Em contestação à Justiça Eleitoral sobre indeferimento de registro de sua candidatura às eleições municipais 2024, Biné Figueiredo alegou o preenchimento dos requisitos de elegibilidade argumentando que não incide nas hipóteses de inelegibilidade mencionadas na impugnação feita pelo Promotor de Justiça Eleitoral, Weskley Pereira de Morais.
Em relação à nulidade da filiação partidária, Biné alegou que a filiação foi “renovada” pelo Partido Social Liberal (PSL) por de deliberação extraordinária, datada de 15 de março de 2021, registrada em ata, o que teria regularizado sua situação partidária. Pontuou, ainda, que o Partido Social Liberal de Codó passou a integrar o partido União Brasil em 2022. Além disso, argumentou a defesa que a filiação partidária não está necessariamente vinculada ao sistema FILIA/TSE e a jurisprudência permite a comprovação da filiação por outros meios de prova. Apresentou, ainda, a suspensão judicial dos efeitos das decisões do TCU pleiteando o afastando a referida inelegibilidade, e discute a ausência de dolo e de enriquecimento ilícito nas condenações por improbidade administrativa, o que, segundo o impugnado, não configuraria inelegibilidade.
Biné, requereu o deferimento do registro de candidatura, destacando a regularidade de sua filiação partidária e a suspensão dos efeitos das condenações do TCU citadas.
O Ministério Público Eleitoral rejeitou os argumentos apresentados pelo ex-prefeito Biné Figueiredo em contestação. Confira trechos da decisão:
“Conforme já fundamentado na Inicial, a filiação partidária é condição de elegibilidade prevista no art. 14, § 3º, V, da Constituição da República, c/c art. 9 da Lei 9.504/97. Assim, sendo nula a filiação partidária do Impugnado evidente a ausência de condição de elegibilidade, conforme fazem prova os documentos acostados à exordial”.
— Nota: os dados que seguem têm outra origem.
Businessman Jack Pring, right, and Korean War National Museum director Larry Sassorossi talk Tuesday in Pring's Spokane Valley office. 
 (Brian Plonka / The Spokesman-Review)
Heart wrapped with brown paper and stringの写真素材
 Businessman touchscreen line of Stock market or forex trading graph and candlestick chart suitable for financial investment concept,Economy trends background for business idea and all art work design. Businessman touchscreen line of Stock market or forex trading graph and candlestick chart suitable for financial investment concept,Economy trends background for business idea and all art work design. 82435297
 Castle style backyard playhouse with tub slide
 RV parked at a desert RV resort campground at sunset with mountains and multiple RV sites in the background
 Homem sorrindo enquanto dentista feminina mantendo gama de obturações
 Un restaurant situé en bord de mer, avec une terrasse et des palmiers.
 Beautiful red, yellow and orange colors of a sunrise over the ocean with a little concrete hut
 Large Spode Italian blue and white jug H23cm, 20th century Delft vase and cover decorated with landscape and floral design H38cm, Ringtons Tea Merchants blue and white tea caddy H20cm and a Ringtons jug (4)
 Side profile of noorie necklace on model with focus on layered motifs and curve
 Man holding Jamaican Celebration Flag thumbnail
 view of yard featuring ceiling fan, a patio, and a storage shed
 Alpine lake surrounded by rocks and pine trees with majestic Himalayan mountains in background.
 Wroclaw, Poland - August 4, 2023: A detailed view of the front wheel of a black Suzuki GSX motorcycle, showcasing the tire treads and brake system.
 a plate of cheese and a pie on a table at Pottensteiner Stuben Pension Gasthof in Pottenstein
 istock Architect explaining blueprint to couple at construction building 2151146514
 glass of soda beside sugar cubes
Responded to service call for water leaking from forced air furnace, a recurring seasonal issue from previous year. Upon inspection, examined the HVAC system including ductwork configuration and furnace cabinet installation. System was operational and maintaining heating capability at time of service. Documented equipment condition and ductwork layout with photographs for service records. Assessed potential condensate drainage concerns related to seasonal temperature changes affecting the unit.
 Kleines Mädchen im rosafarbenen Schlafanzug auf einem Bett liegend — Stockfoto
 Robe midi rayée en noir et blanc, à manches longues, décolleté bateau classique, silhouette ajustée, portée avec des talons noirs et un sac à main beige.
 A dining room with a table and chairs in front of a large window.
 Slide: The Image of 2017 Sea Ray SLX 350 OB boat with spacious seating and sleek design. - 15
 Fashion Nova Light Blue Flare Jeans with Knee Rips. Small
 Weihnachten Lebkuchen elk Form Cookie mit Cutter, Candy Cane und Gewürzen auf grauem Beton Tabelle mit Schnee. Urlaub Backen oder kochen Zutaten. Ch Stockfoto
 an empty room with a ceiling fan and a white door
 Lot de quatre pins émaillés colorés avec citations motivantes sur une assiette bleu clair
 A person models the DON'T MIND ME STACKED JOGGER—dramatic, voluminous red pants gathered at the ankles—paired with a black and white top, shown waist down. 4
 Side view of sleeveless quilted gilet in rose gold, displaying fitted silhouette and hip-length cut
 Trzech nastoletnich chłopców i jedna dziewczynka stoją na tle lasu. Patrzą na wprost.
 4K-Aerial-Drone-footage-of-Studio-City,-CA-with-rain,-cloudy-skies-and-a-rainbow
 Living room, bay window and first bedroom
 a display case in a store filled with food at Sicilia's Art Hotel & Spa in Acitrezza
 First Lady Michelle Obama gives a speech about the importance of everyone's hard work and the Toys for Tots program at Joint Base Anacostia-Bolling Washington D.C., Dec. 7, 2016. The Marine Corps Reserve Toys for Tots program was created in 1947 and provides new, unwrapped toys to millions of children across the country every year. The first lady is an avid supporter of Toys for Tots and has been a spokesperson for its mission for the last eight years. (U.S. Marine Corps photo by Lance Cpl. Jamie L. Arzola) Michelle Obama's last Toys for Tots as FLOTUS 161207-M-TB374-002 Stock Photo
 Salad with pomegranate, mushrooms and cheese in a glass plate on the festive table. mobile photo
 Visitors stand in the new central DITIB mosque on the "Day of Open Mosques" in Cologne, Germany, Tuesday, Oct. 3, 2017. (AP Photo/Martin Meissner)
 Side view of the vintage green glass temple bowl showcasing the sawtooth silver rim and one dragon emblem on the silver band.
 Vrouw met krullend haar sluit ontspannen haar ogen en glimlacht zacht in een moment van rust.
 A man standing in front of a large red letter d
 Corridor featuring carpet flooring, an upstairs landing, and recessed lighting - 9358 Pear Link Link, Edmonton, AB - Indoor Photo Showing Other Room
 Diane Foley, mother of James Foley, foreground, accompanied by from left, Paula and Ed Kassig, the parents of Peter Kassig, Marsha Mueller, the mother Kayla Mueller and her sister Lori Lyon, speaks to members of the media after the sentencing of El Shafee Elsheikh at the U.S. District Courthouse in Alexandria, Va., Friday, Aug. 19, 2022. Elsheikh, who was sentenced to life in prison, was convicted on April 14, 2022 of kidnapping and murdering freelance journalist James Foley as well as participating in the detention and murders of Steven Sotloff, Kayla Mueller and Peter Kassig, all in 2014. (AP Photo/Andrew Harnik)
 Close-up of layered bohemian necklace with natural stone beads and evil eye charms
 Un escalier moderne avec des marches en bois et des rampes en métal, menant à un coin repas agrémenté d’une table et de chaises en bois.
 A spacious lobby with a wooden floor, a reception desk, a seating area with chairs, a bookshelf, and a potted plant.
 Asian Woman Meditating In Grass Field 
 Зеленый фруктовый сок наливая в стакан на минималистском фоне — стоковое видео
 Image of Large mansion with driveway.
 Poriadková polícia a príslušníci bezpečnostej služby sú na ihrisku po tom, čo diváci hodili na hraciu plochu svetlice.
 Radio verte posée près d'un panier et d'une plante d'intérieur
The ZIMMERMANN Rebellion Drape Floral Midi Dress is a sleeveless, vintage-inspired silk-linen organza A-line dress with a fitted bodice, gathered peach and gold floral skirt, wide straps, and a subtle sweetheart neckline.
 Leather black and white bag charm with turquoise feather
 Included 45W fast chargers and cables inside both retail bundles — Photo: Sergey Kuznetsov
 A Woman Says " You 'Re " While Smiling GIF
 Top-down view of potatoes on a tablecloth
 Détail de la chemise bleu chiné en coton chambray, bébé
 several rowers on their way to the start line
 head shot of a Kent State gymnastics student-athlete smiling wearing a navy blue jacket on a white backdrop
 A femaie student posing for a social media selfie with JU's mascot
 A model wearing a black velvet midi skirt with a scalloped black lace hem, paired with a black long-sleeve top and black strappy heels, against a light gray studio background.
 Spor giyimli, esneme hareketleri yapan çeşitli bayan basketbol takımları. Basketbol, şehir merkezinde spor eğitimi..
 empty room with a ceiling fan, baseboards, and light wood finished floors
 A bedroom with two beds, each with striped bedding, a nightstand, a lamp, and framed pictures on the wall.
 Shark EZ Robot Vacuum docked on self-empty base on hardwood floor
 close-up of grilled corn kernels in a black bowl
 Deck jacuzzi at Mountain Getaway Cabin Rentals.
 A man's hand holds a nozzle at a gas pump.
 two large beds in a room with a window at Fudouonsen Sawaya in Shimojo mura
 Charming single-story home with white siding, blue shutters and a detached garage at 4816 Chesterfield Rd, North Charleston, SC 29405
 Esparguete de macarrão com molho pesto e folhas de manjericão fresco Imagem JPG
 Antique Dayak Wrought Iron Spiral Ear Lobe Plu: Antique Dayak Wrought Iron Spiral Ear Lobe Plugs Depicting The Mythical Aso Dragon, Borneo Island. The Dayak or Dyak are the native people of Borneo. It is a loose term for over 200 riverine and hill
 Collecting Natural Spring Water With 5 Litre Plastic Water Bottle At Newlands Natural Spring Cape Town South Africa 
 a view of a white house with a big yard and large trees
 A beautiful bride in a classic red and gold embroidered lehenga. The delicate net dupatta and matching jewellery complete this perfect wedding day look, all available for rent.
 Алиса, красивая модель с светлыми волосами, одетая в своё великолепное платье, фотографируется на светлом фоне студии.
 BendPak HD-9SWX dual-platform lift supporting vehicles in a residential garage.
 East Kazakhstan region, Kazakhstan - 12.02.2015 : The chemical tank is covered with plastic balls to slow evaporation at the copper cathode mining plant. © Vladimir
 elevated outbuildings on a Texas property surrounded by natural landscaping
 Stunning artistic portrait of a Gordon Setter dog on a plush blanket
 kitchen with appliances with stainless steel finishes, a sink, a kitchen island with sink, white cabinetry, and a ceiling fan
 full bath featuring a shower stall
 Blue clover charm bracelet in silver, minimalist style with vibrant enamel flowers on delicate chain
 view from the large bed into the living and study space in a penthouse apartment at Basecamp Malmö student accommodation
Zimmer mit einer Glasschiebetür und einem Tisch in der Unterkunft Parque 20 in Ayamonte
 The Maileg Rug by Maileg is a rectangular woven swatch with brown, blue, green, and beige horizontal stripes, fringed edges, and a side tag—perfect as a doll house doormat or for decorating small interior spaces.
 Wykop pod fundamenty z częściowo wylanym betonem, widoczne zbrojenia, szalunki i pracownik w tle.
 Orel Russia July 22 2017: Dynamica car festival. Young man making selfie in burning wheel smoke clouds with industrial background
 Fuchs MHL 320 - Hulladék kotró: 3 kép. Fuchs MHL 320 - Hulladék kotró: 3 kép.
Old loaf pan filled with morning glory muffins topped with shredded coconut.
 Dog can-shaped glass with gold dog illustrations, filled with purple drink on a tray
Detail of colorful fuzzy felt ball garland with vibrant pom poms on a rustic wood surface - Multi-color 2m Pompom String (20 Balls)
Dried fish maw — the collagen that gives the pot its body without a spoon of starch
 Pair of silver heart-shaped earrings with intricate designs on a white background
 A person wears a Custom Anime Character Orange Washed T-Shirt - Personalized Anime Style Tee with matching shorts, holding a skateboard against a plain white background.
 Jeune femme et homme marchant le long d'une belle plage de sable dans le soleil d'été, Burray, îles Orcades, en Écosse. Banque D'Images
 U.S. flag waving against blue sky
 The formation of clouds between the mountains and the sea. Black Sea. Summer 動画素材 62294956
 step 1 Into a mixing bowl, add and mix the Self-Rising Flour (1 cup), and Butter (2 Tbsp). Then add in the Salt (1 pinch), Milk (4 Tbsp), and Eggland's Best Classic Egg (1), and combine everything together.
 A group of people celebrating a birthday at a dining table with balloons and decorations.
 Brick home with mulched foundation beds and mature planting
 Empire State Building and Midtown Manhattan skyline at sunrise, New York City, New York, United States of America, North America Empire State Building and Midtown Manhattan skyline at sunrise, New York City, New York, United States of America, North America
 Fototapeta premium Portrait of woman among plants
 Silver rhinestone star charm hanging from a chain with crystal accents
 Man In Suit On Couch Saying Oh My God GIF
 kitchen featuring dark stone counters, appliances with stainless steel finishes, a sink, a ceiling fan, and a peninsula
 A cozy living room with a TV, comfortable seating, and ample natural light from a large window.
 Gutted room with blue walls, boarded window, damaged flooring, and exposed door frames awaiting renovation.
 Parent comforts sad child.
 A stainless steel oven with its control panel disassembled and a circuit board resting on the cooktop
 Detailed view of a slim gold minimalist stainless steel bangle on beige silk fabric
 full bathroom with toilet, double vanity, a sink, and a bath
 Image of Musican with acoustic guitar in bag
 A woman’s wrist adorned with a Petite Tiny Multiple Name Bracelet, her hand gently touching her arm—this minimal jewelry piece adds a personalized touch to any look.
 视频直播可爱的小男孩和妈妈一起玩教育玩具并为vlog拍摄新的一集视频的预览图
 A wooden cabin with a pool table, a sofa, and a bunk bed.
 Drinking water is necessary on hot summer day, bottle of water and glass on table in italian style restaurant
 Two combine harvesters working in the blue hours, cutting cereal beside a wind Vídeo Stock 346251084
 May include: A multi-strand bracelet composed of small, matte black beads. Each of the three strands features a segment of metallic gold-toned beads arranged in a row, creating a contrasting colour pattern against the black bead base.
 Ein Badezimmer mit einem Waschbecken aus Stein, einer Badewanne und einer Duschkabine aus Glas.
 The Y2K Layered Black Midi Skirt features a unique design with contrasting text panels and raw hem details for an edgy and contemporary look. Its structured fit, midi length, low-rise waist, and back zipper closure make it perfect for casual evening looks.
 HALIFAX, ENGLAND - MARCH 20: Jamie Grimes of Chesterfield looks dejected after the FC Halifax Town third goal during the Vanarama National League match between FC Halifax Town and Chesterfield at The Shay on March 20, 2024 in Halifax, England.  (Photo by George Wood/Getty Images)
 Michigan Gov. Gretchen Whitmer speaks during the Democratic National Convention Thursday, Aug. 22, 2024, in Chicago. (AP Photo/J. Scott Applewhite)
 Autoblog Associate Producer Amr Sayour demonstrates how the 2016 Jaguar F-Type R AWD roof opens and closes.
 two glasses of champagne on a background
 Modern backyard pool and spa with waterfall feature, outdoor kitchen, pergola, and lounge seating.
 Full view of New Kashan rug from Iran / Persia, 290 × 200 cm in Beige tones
Em defesa, o Impugnado sustenta que sua filiação ao Partido União do Povo (anteriormente PSL) foi regularizada em 15/03/2021, após a suspensão dos seus direitos políticos, com a Deliberação Extraordinária contida em Ata. Inicialmente, informou que a ata apresentada pelo Impugnado, pela qual se alega a “renovação da filiação”, não tem o condão de regularizar a filiação do Impugnado. Conforme fundamentado na exordial, a filiação partidária do impugnado ocorreu durante o período em que seus direitos políticos estavam suspensos, o que torna o ato nulo (Art. 21-A da Resolução nº 23.596/2019) e, por consequência, o Impugnado inelegível.
É cediço que o ato nulo não é recepcionado pelo ordenamento jurídico, motivo pelo qual é taxado como inexistente, consoante a teoria geral dos atos jurídicos.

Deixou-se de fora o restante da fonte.